Hi L.W. - It is interesting that many art programs do not offer a well-rounded curriculum that prepares budding artists for the profession of art. Rather, it's more about producing and understanding art. I guess they figure you'll deal with the business aspect out in the real world, but that's a tough way to enter the professional arena. Like you, I would have preferred a shop class to home ec.

Hi Dan - geez! I'm glad you had enough gumption to rebel against your art teacher and find your own path. I haven't booked any workshops or private classes in your part of the country yet (Florida??) but hope to one day.
So, maybe we'll meet after all! That would be great. As for illumination - like Peggy, I use Verilux bulbs in my light fixtures and illuminate my work from above. Thanks for the generous comment about my work!

Hi Peggy - Thank you! It's so neat that your father is a professional artist and you've inherited the artist "gene!" Your work reflects that type of maturity and is great to follow on your blog. You have a unique mix of intuition and knowledge that totally works!

Hi Mary - I'm looking forward to Santa Clara, too!! Thanks for the invitation and scheduling. I've been following your work on your blog and you've made huge strides - and sales!! Wow, you're a quick learner :-)

Hi Caroline - I'm blushing. Thank you!

Hi Celeste - I agree! I often keep a batch of failed paintings at hand in my studio because they remind me of lessons learned. Thanks for adding that point, because it's an important one. And, thanks for the support.

Hi Hallie - yes, it's the toughest part.

Hi Don - Thank you! The octagonal shapes aren't obvious symbols, but do represent connectivity between realms. The "Law of Conservation of Mass" states that the mass of an isolated system cannot be changed as a result of processes acting inside the system. Mass cannot be created nor destroyed, although it may be rearranged in space, and changed into different types of particles.

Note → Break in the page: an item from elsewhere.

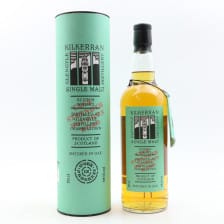 KILKERRAN 2004 WORK IN PROGRESS 7 CASK STRENGTH BOURBON WOOD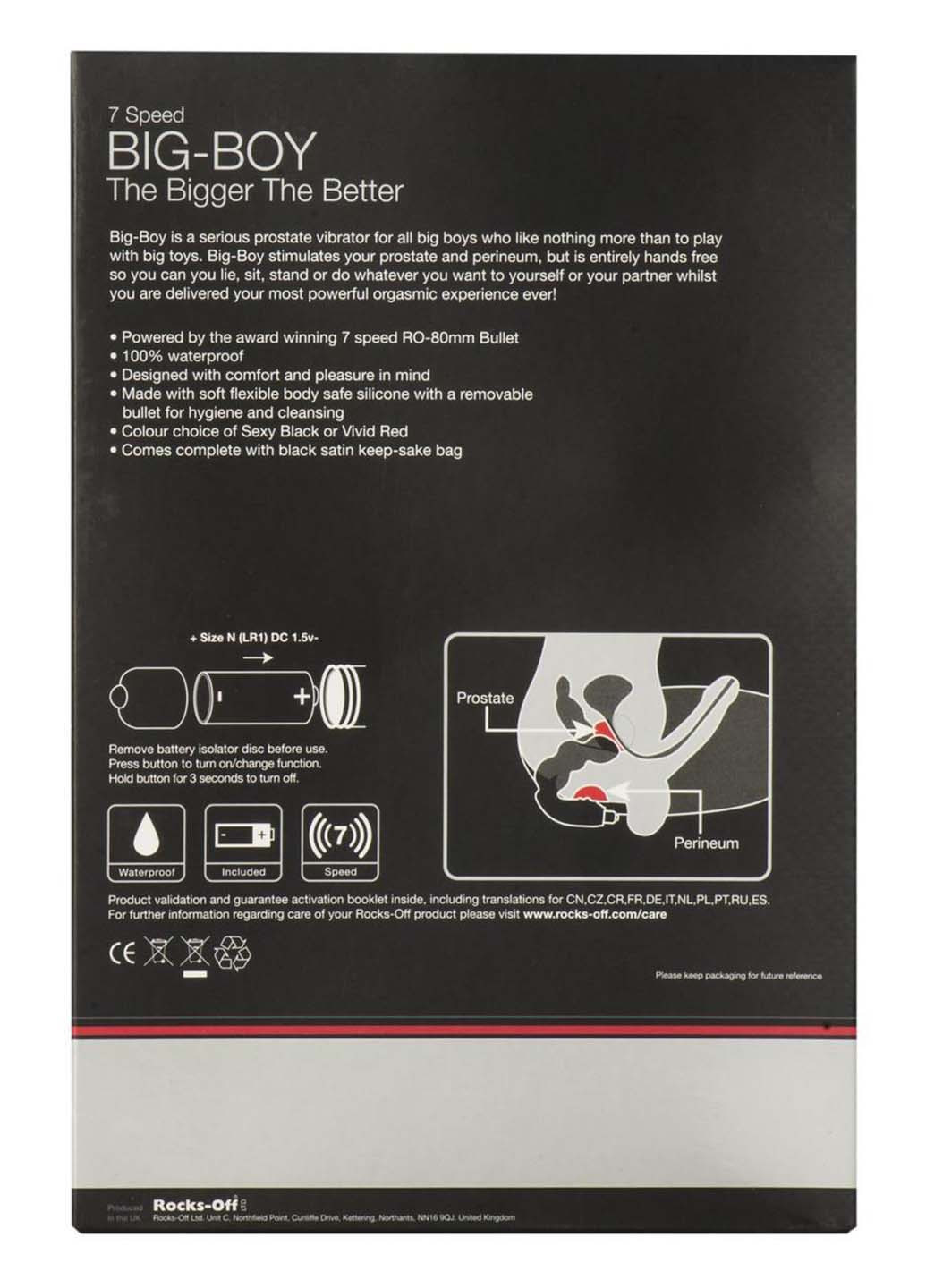 Масажер простати No Brand (271124621)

About my students: because my class is centered on the "why" or significance more than the "how to" (as you observed) I spend a lot of time up front discussing with them the importance of concept in a work of art and how to arrive at a good one. I've found a good method for relating that to them, so they always get it. But, I usually (but not always) find that it's such a foreign way of thinking to students that they really need help with it. That's why I'm there. Once they construct a single, focused concept and write it down, then they can do all the rest. So, they get plenty of time with me showing them "how" to design and paint their idea as well. However, I never (and I do mean "never") ask students to imitate me or paint the way I paint. That would be a complete disservice to them and I'm very unhappy with the cohort of "how to" art instructors who encourage immitation. That kills the artist inside the student.

Kathy said...

Oops! typo: I think the correct spelling is: imitation. No caffeine yet :-)

Dan Kent said...

Thanks Peggy and Kathy for the tip about the bulb! And Kathy, I am in Miami - I will go as far north as - well, shoot, I will go quite north or west in Florida for you. I'm not sure there's a limit.

Kathy said...

Gee, Dan, I'm blushing!! It would be a great honor to meet you as well. Somehow, someday, we'll make it happen :-) Happy Thanksgiving!

Celeste Bergin said...

Happy Vacation!

Casey Klahn said...

Kathy - your new artwork, and your teaching outline had me speechless when I first saw this post before the holiday. Awesome!!!